My latest effort is to work on night photography. Everyone seems to have a slightly different take on the best practices, with some common themes.
1. Darkness is essential. In general, this may take a bit longer than one would hope. If you're after stars, wait until it's really dark.
2. Some daytime work is also essential. It's just too hard to come upon a good plan when the world is pitch-black. Plan the photo in the day. Make the photo in the night.
3. Care and deliberation are essential. Recently, I did the first 2 photos of the night sky with my lens cap on. That didn't work so well. Take time setting up. This involves knowing the location ahead of time, bringing a headlamp, going slowly (it's dark).
4. Composition is just as important at night as in the day. This goes back to the daytime work and the planning. Think foreground.
5. Equipment:
1. tripod with good head. My preferred tripod is currently a Feisol carbon fiber. I recently upgraded by ballhead to a RRS BH-55, and I couldn't be more pleased with the ease of use and steadiness.
2. camera that has decent high ISO results. I'm currently using a Nikon D800E.
3. Cable release is most helpful, although a timer or shutter delay will work for photos that have less than a 30 second duration.
4. Headlamp. It is really helpful to set up and take down and check your level and get back to your car without tripping.
Settings:
1. f-stop of 2.8 allows shutter speeds of 20 seconds. Longer times will result in obvious star movement.
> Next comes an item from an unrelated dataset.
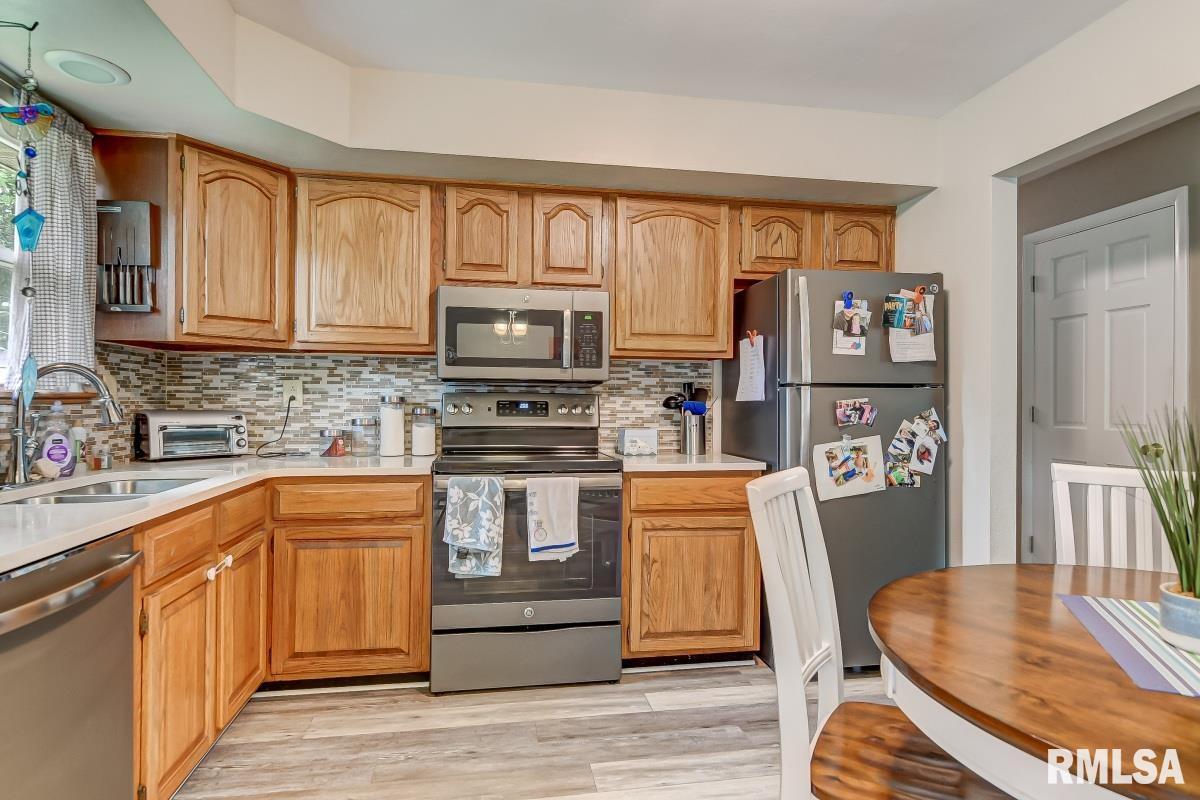 4 Eton Drive Springfield, IL 62702 - Photo 10 of 36 Gallery Image 10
If you want pinpoints, stay under 20 seconds. And, that varies with focal length.
2. Wide angles give a more expansive sky and show less movement. I'm using 14mm currently.
Lenses are not created equal. Some expensive lenses still show a distorted star. This is known as coma. It is an optical imperfection related to certain lens designs. I'm using a Rokinon 14mm manual focus lens, which is quite inexpensive. Nikon makes a 14-24mm f2.8 lens that is widely felt to be the best wide angle lens available for the 35mm format. Neither of these lenses demonstrate coma.
3. ISO of at least 3200 and up to 6400 is needed generally to get the dimmer stars without movement blur. This is why the good high ISO performance of the camera matters. There is a way of getting around this, which is another subject, but it involves the use of a tracker which electronically moves the camera with the stars, allowing much longer exposures.